Aim of the task: Produce a word-for-word copy of the line that contains "Silk-ka Zonnebloem Steel" and each line after it through the end of the material, omitting pictures and all other lines.
*** Data segment ***
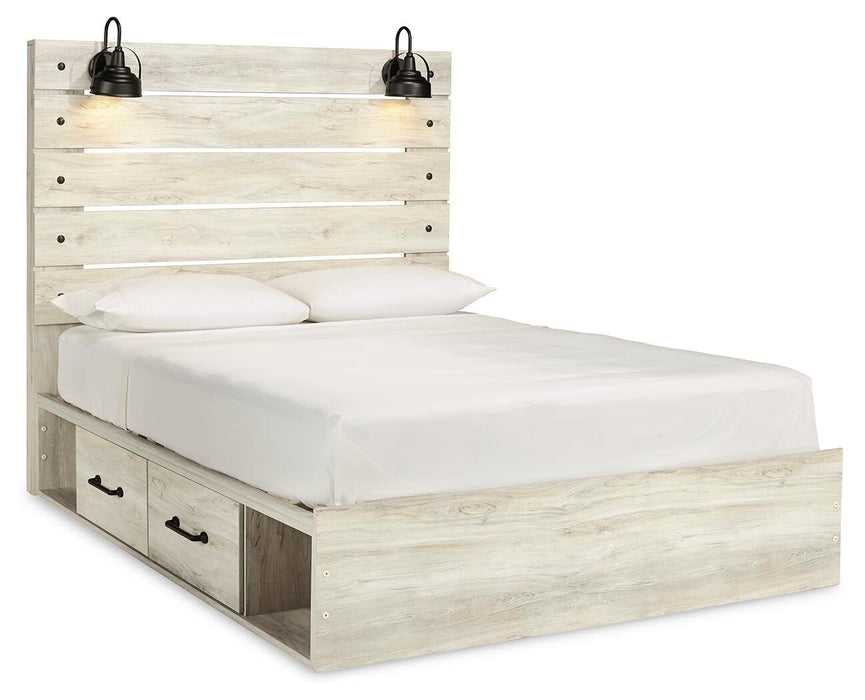 Cambeck Whitewash Cambeck Queen Panel Bed with 4 Storage Drawers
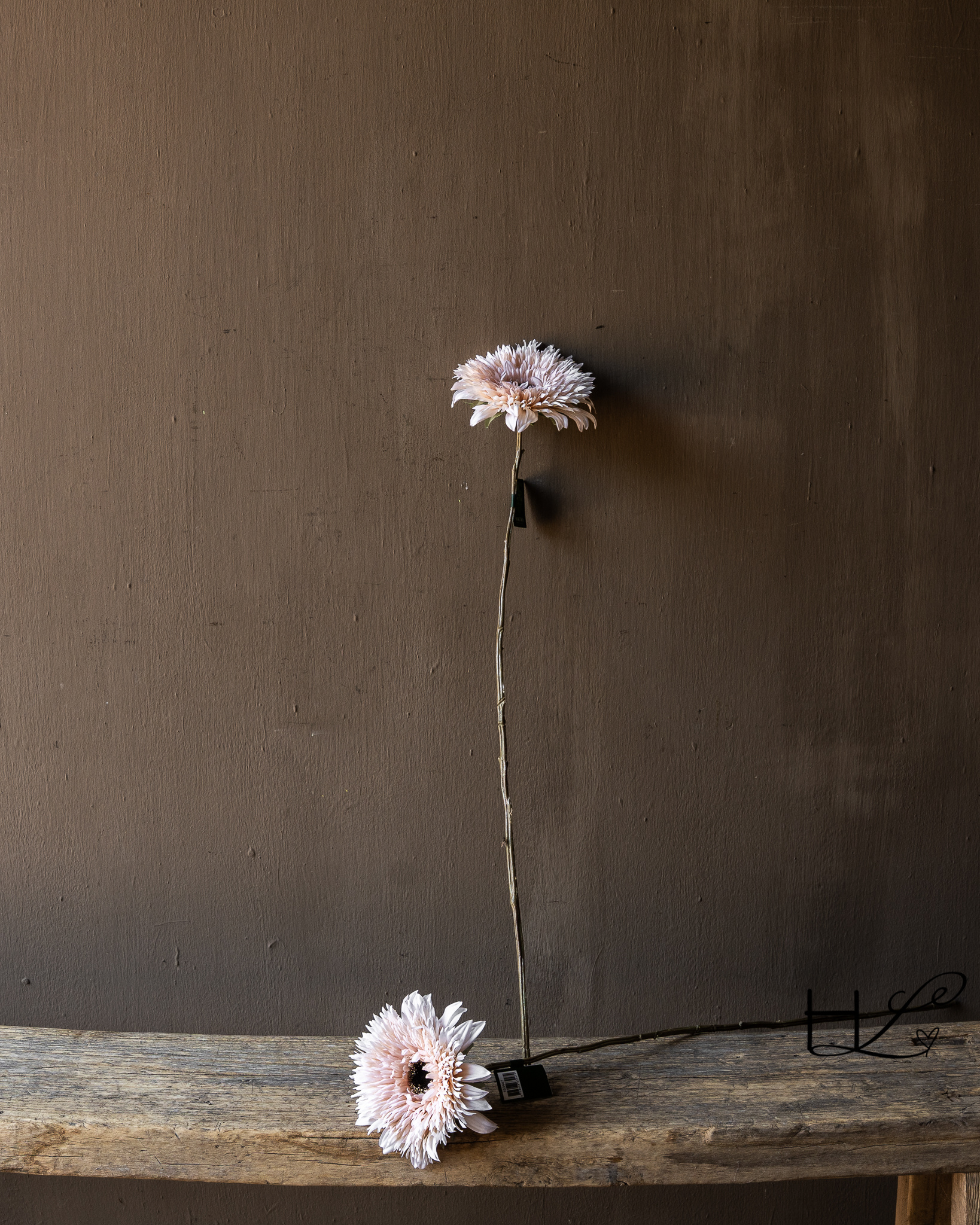 Silk-ka Zonnebloem Steel Crème/Bruin 97 cm | Kunstbloem-2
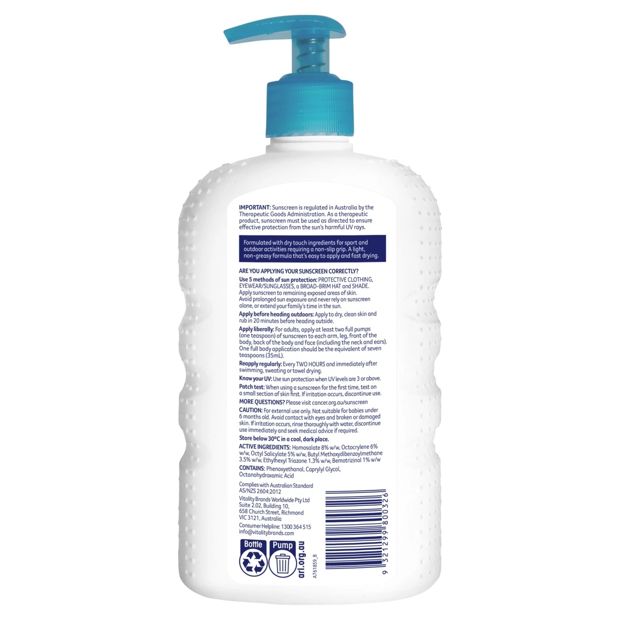 Cancer Council Sport Dry Touch Sweat Resistant SPF50 500mL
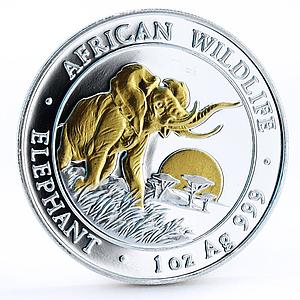 Somali 100 shillings African Wildlife series Elephant gilded silver coin 2009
*** End of Data segment ***
Task answer:
 Silk-ka Zonnebloem Steel Crème/Bruin 97 cm | Kunstbloem-2
 Cancer Council Sport Dry Touch Sweat Resistant SPF50 500mL
 Somali 100 shillings African Wildlife series Elephant gilded silver coin 2009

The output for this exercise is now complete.